Wednesday, February 16, 2005

p.s.

Oh and I've been hanging out with Matt a little bit as well. Matt is cool. Hopefully we'll eventually get to go hang out with Zack and Chris Joe like we said we would. That is all.



Threesome Jokes

So I've been hanging out with Croy and David a lot lately, which has been pretty cool. For those of you that don't know, Croy is my ex (well technically we never reached "boyfriend" status according to Croy, but I still consider him an ex for simplicity's sake) and David is his boyfriend. Suprisingly, David and I get along really well, at least I think we do. Sometimes I wonder if he secretly hates me, but I'm probably just being paranoid. Croy and I get along well too, but I wasn't suprised by that so I didn't mention it before, but I digress. I believe the subject of this post was intended to be one of Croy's ongoing jokes. Every time I see or talk to him he jokes about or makes a reference to a threesome involving David, him, and me. Now, the joke itself doesn't really bother me but as Croy always said, "There's a little truth behind every joke." It's hard for me to believe that one that comes up so frequently doesn't fall under this category. So now it comes to this: If Croy want's a threesome, what makes him think that he can get it. Do I come off as a person who would be into that sort of thing? My friend Eddi said that he wouldn't be suprised if I did do it. I guess I'm not that opposed to that sort of thing, but I didn't think it was that obvious to everyone. The truth is, regardless of how I feel about threesomes, I wouldn't get involved here. I still have feelings for Croy so such escapades would only end up hurting someone. Yes I said i still have feelings for him, but I am very happy for him and David. I do not cling to a hope that there is a future for us. In fact, even if his realtionship with David didn't work out, at this point I still wouldn't go for another attempt with Croy. I feel like that would be a sort of betrayal to David and I always do my best to be a good friend. Betrayal and good friend don't mix, so I draw the line there. Alright, I'm beginning to fell that this post is loosing all coherence so I'll quit while I'm behind. Peace out.



Saturday, February 12, 2005

Why is love so messed up?

I feel sad and I don't know why.

Everything around me is delivering this message to me quite clearly:
Love never works out, relationships never work out, love is transitory and fleeting.

I think my sister and her boyfriend are going to break up. She called me earlier. She was drunk. She talks to me when she is drunk, which I don't mind because then I know she is being honest. She told me that their two year aniversary is coming up in a few days and she is not happy with their relationship. Apparently John says that he is and always will be "emotionally solo." He treats their relationship as shallow and superficial. He won't open up to her and doesn't listen when she opens up to him. I don't understand how she could have fallen in love with him if she wasn't close to him. I thought the two things went hand in hand. It's a shame, I like John, but I want my sister to have someone who knows and appreciates how unique and special she is.

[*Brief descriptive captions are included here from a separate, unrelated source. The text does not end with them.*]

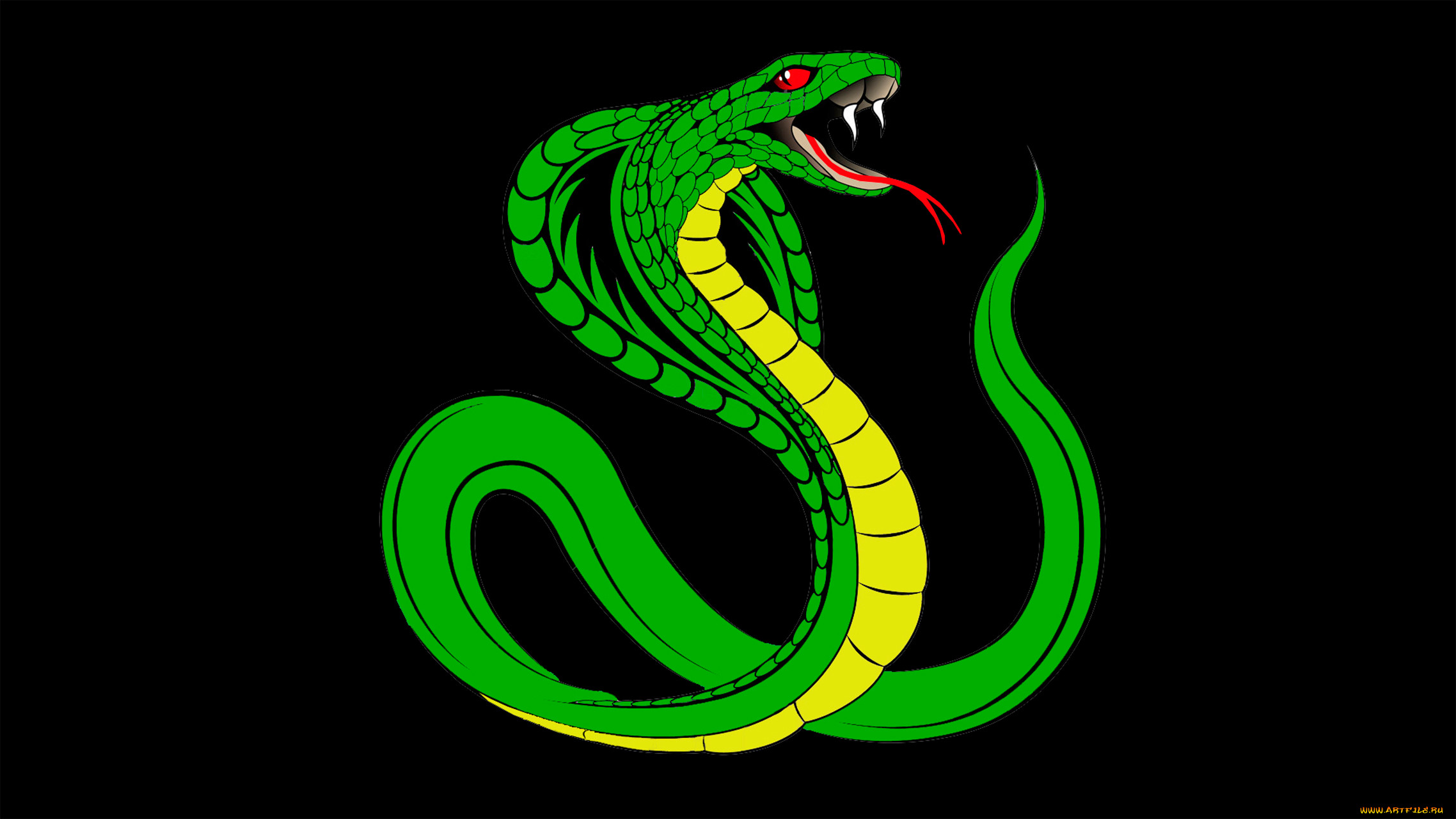 Аватарка змей. Змея арт. Змея на аву. Зеленая змея на черном фоне. Зеленый змий.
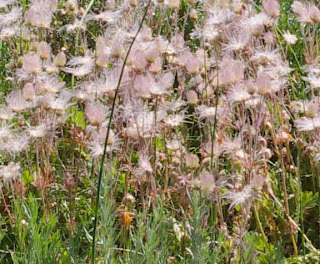 Lions-Beard Clematis hirsutissima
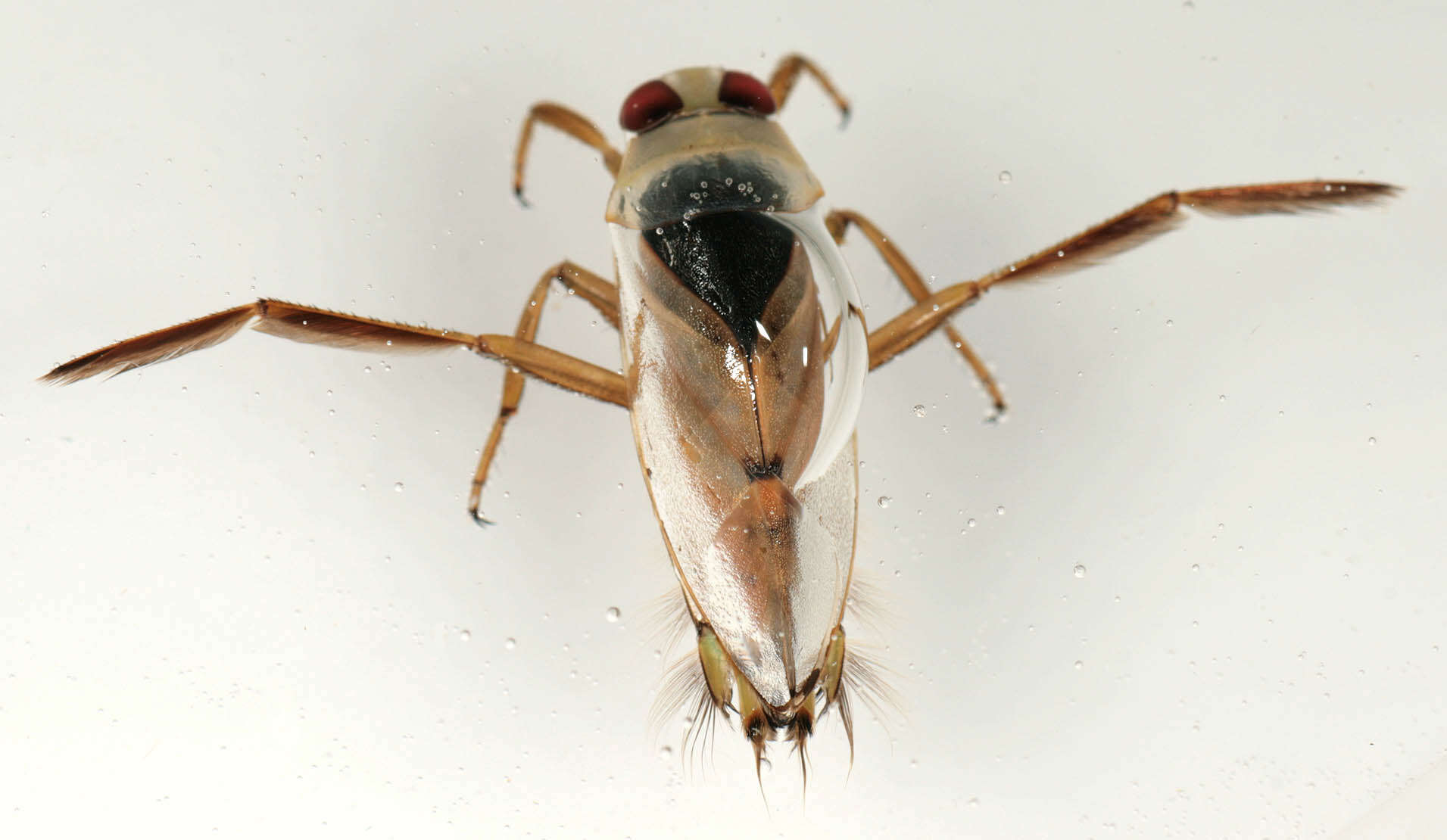 Image of Water boatman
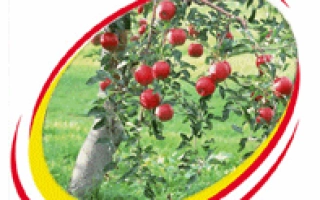 ИНСЕГАР, ВДГ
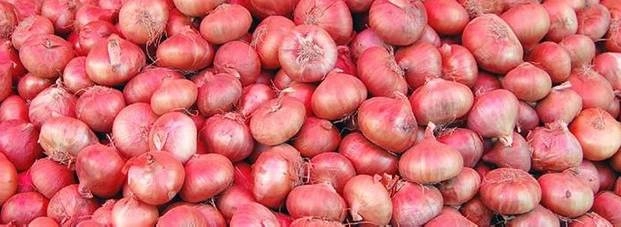 4 हजार किलो प्याज चुराने वाले गिरफ्तार - Onion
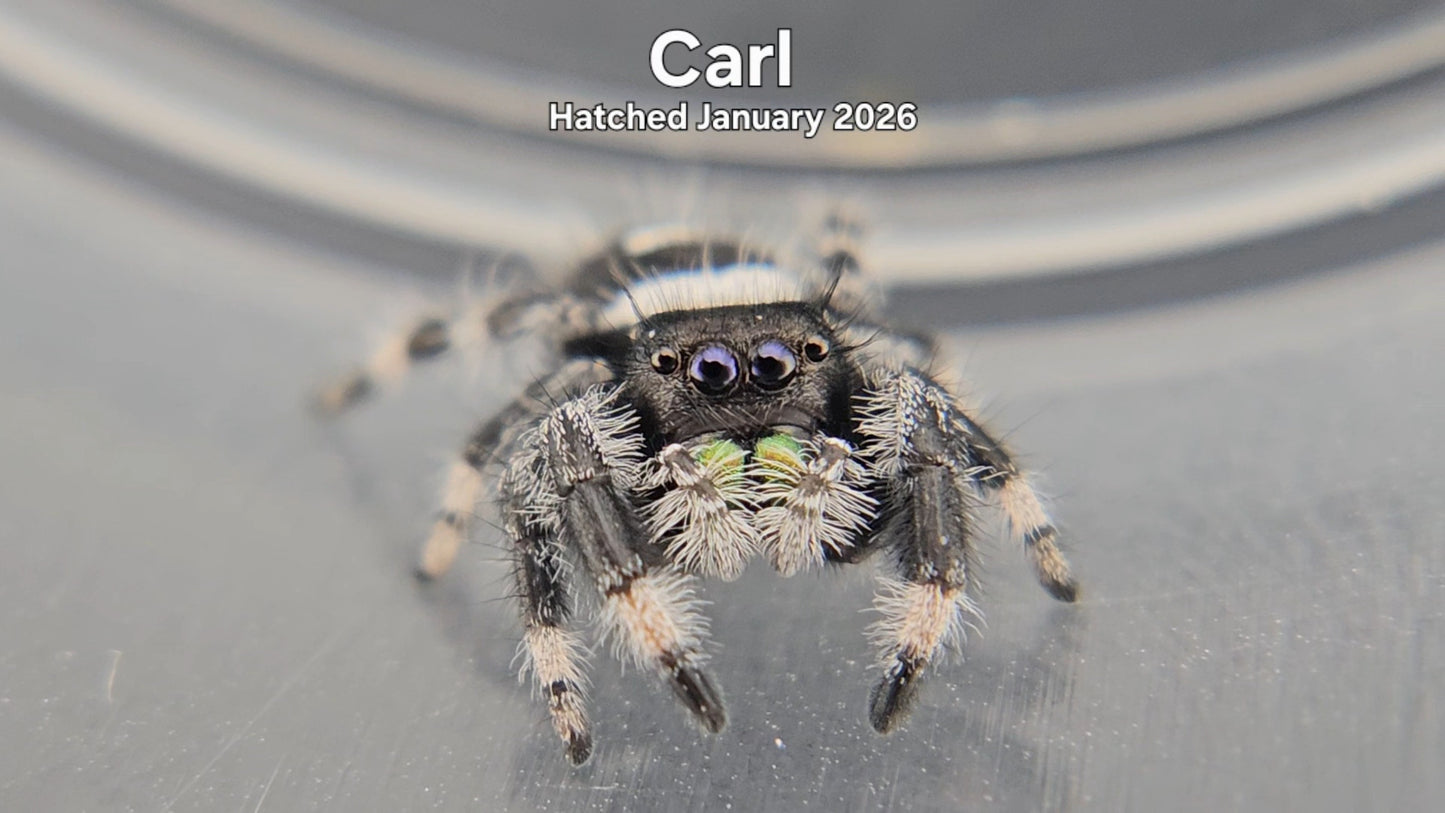 "Carl" Male Regal Jumping Spider (Phidippus regius) - Hatched January 2026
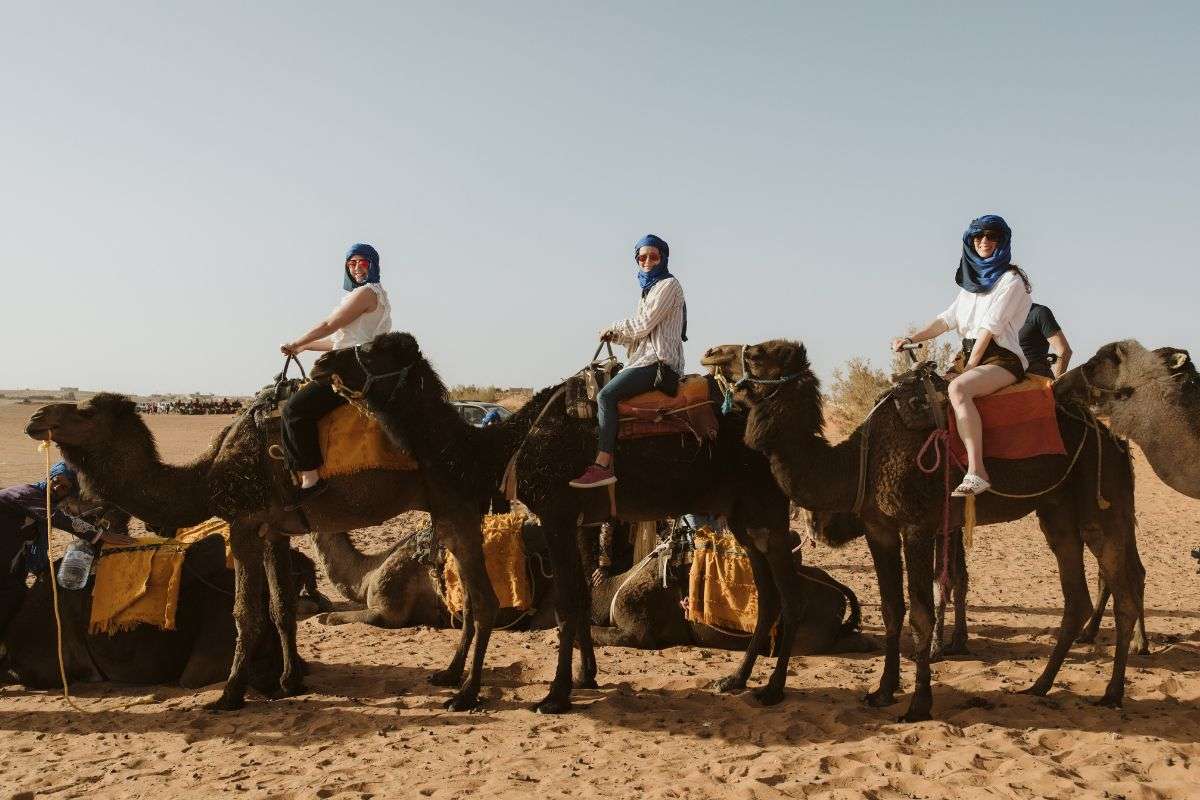 Camel Ride at the Palmeraie - photo 2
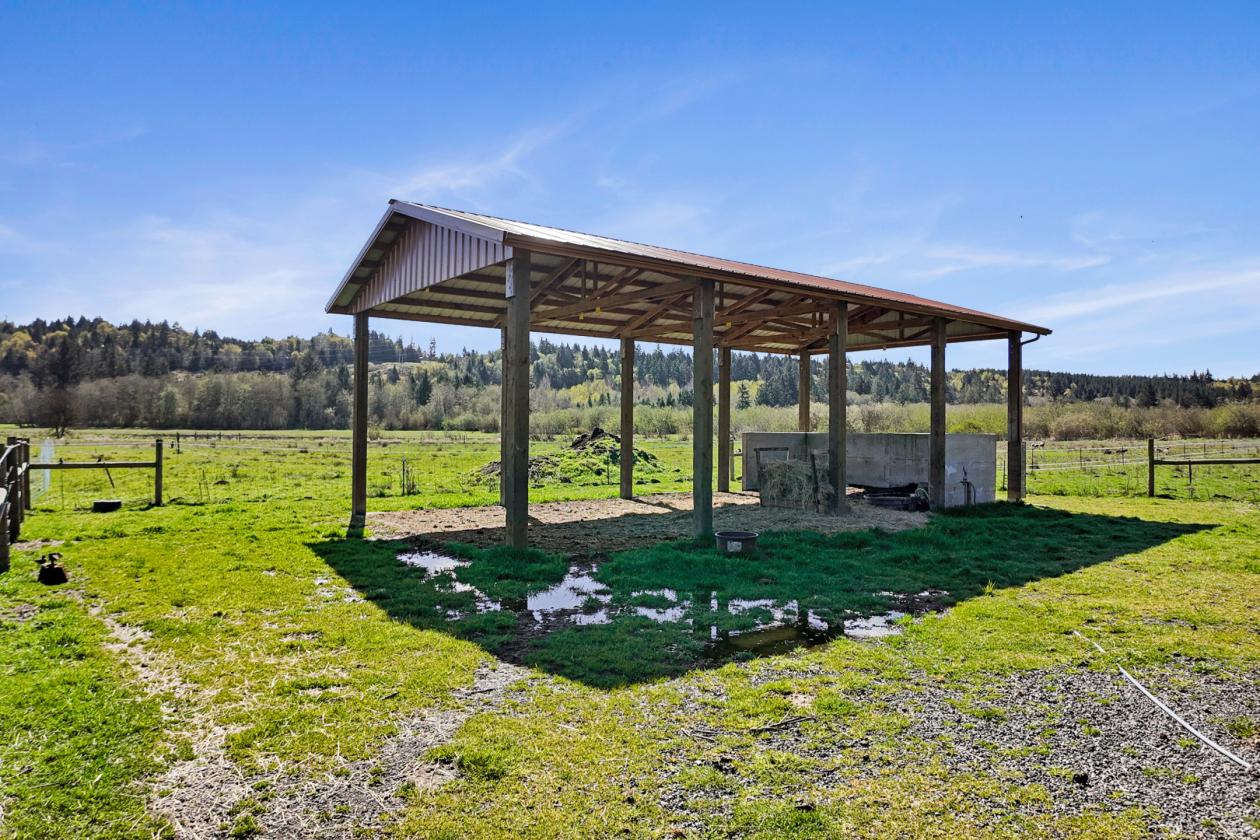 Large home & 18-acre ranch in Shelton, WA! - photo 7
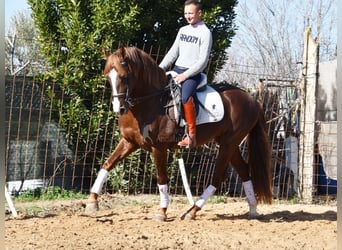 PRE, Stallion, 6 years, 15,3 hh, Chestnut-Red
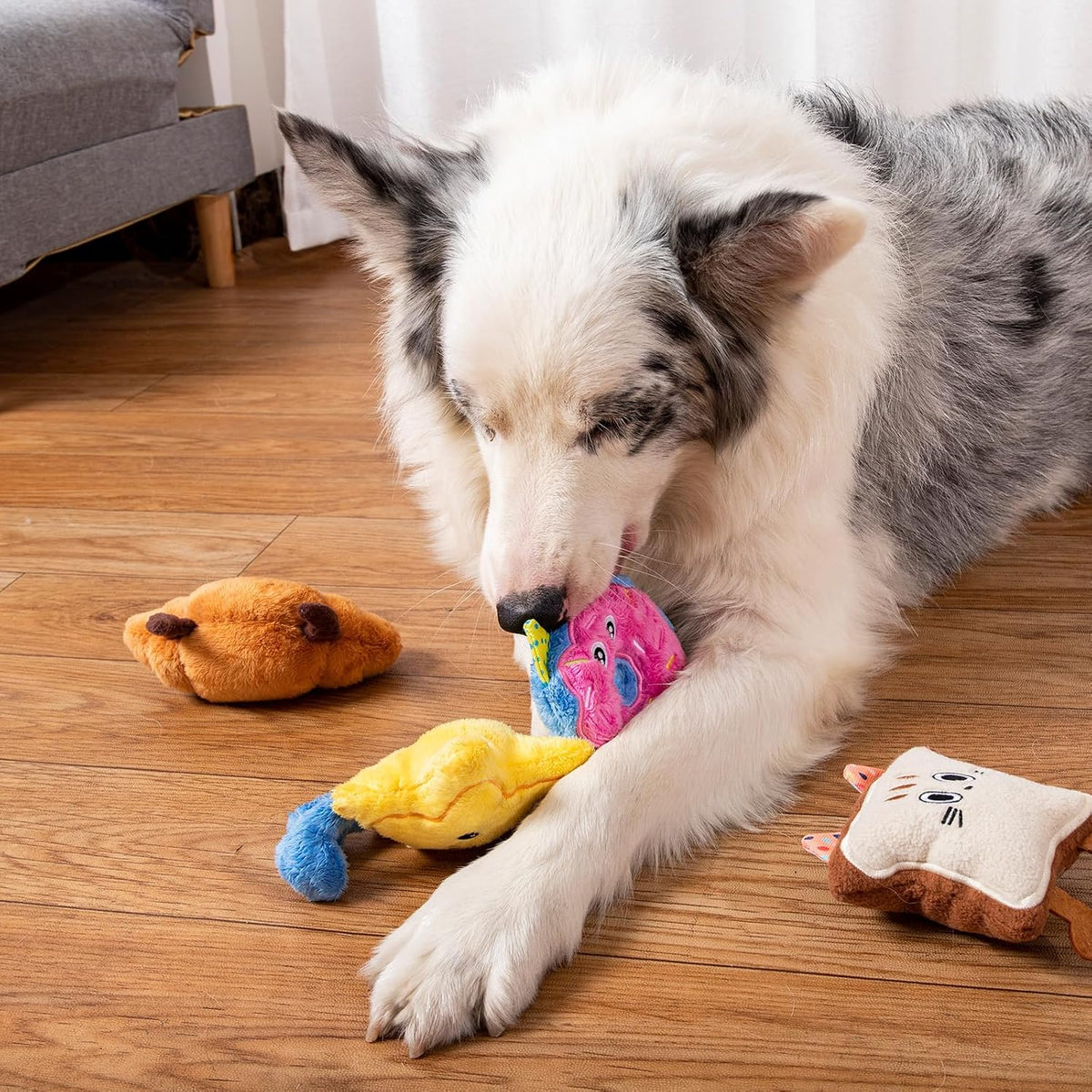 DODODOLA 4 piezas de juguetes para perros con relleno para perros p...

After talking to my sister I started to look at other relationships around me. First my parents. I have never seen any evidence that they share any sort of connection. My mom is always nagging my dad and my dad is always appeasing my mom just to get her to shut up. It's possible that any romance they share is a well kept secret. My friends have all been in unhealthy relationships. Deborah's boyfriends have all been jealous and controlling. Her current boyfriend makes her call him all of the time just so he can guilt her and argue with her, yet somehow she is in love with him. Most of my friends are or have been in volatile or unhealthy relationships where they were "in love." I don't get it. Is this what will happen if and when I fall in love? I certainly don't want someone to argue with. I guess I will find out when it happens, assuming I eventually find someone.